The titanic case study

The data set provided on google classroom is the actual data on passengers from the Titanic disaster. There were 1,313 passengers aboard the Titanic and within our dataset we have data on each passenger’s name, sex, passenger class and survival status. During this case study we will use a contingency table as well as a bar plot to help answer the question: Were the survival rates different for different passenger classes aboard the Titanic?

  1. Use the COUNTIFS() function in google sheets to construct a contingency table with the passenger class as the rows, and the survival status as the columns. Then use the SUM() function to calculate the row sum and column sums.

  2. For each class, calculate the proportion of that class that survived the Titanic disaster.

  3. What proportion of survivors were designated 1st class? What proportion of survivors were designated 2nd class? What proportion of survivors were designated 3rd class?

  4. Use the contingency table you constructed to create a segmented bar plot that shows the proportion of each class that survived and did not survive.
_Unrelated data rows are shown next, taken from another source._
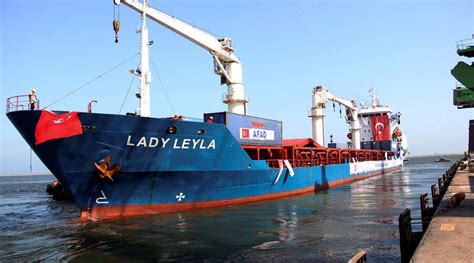 Turkish Ship Carrying Humanitarian Aid For Gaza Docks At Israeli Port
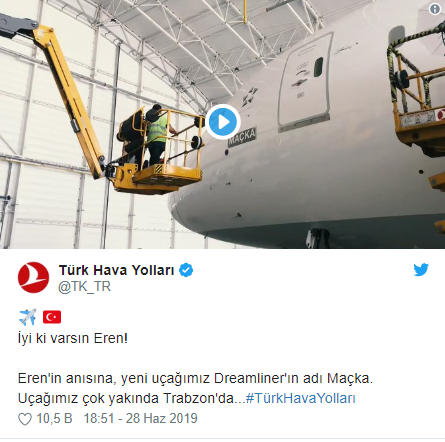 THY paylaştı: İyi ki varsın Eren! - Resim : 1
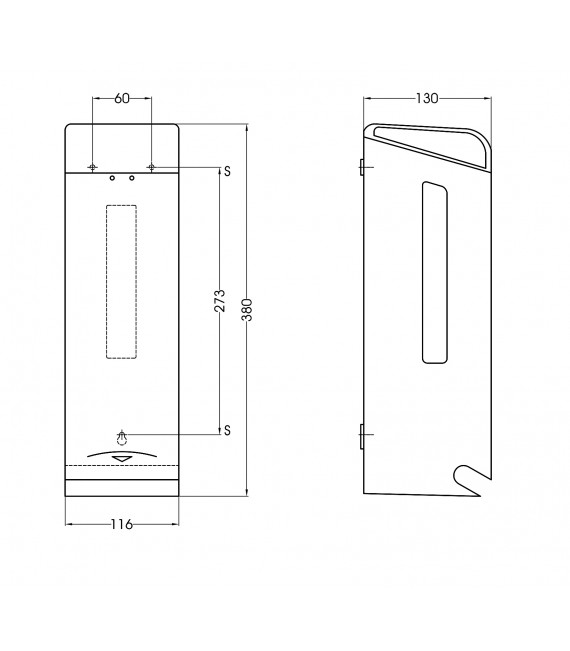 MEDICLINICS PR0781C Dispensador Papel 3 Rollos Inox Brillo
  5. Based on the evidence you have constructed, does it seem that the survival rate is different between different classes? If so, form a hypothesis as to why this might be.
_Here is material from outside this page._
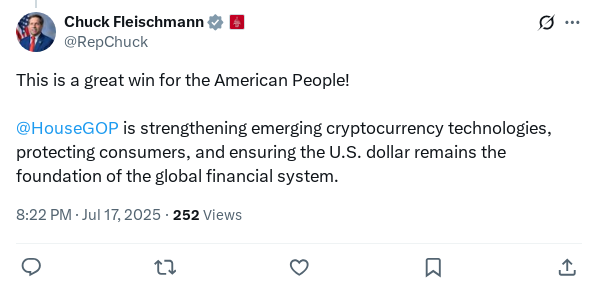 Screenshot of Archived Tweet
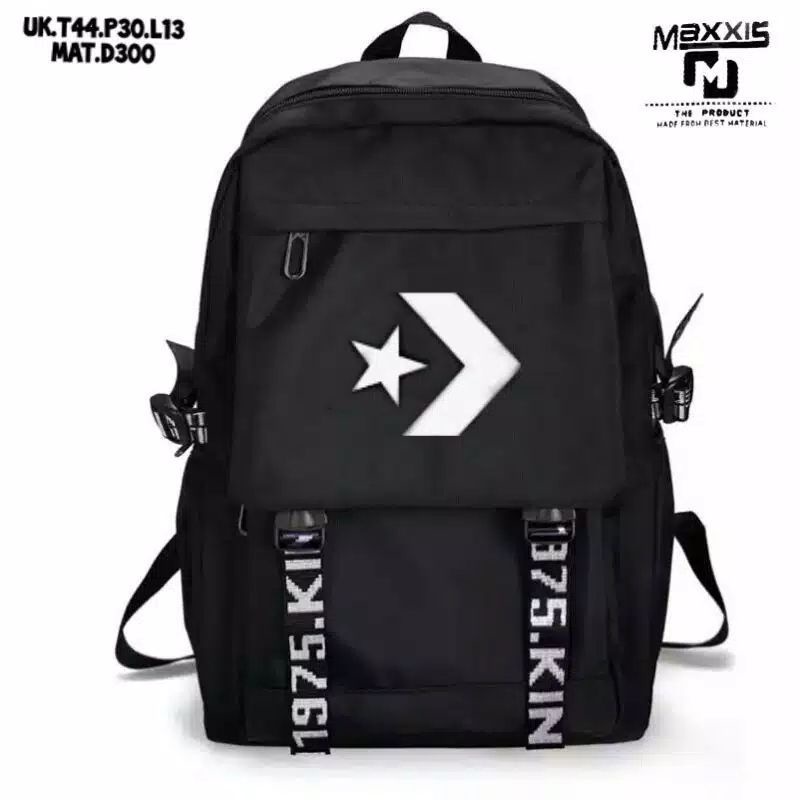 Tas Sekolah Anak Laki Laki Sd Smp Sma Backpack Ransel tutup maxxis Cowok Cewek Backpack Sekolah Kuliah Kerja-1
Extension: Titanic survival rates and sex

Our next task is to investigate whether or not survival rates differed between male and female passengers on the Titanic.

  1. Construct a contingency table that has passenger sex as the rows and survival status as the columns.

  2. For each gender, calculate the probability that gender survived the Titanic disaster.

  3. Calculate the proportion of survivors that were male and female respectively.

  4. Create a segmented bar plot that displays the proportion of each sex that survived the disaster.

  5. Based on the evidence we have gathered, does it seem that there is a large difference in the proportion of men who survived vs. the number of females that survived? If so, form a hypothesis as to why this might be.